Image Handling & Optimization
Section Duration: 46 minutes
- Jason discusses effects of lengthy image load times, walks through installing plugins that help cut down image load times, creating image settings, and querying for Gatsby image data. Compressing images to reduce file size using an application called Squoosh is also demonstrated in this segment.
- Jason demonstrates how to define scoped styles for an image and how to add a static image to the home page with the StaticImage component.
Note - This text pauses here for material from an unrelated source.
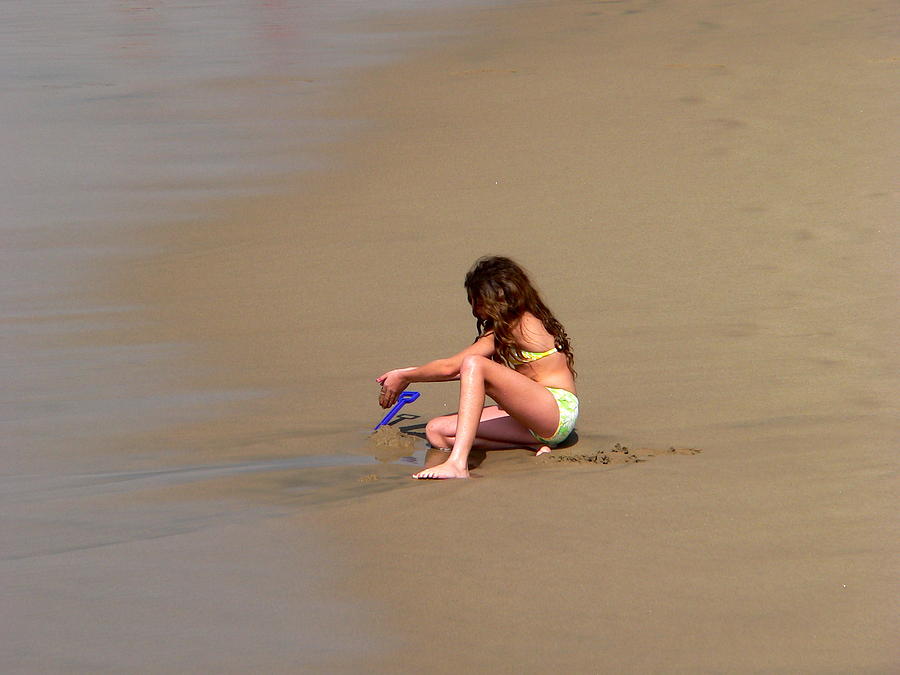 Young Girl Playing In Sand At Beach Photograph by Jeff Lowe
This component will take a src and alt prop, but also allows additional configurations including setting the placeholder style and image resizing dimensions.
- Jason discusses what Gatsby does under the hood with the StaticImage tag including reserving the space used by the image to reduce cumulative layout shift. Different image loading effects including blurred, dominant color, and tracedSVG are also demonstrated in this segment.
- Jason demonstrates how to optimize images in MDX automatically for standard Markdown-style images with gatsby-remark-images plugin, which helps avoid accidentally shipping large images to production. Unlike the StaticImage images, Markdown images will always be the full width of the content area by default.
- Jason walks through querying images from GraphQL in Gatsby with page querying and a GatsbyImage component. The GatsbyImage component accepts a data object that includes all the details of the image such as placeholders, dimensions, and everything else it needs to render an optimized image.
Third-Party Data
Section Duration: 29 minutes
- Jason live codes pulling data from Sanity using the gatsby-source-sanity plugin, query through the retrieved data, and discusses how Gatsby can create pages based on file names. There are many headless CMSs that have a Gatsby source plugin available to access the data stored there.
- Jason demonstrates Gatsby's ability to generate pages from third-party data without using custom code. This file naming convention will generate a GraphQL query which will be used by Gatsby to generate a page for each matching return.
- Jason walks through pulling in a list of episodes along side the MDX by querying GraphQL for the third-party data and discusses the benefits of using Gatsby to keep a site updated. A student's question regarding if Gatsby will update the build automatically with a new posting is also covered in this segment.
Deployment
Section Duration: 15 minutes
- Jason demonstrates how to deploy a Gatsby site to Netlify using the Netlify CLI, discusses some of the entries in the Netlify deploy log, and answers student questions regarding if the netlify.app domain can be changed and if Gatsby can be used for an ecommerce site. Netlify will automatically choose the version of node due to the previously added nvmrc file and pull in all of the site dependencies.
Wrapping Up
Section Duration: 3 minutes
- Jason wraps up the course by providing some resources for continued learning about Gatsby and giving some encouraging words to go out, build, and publish something.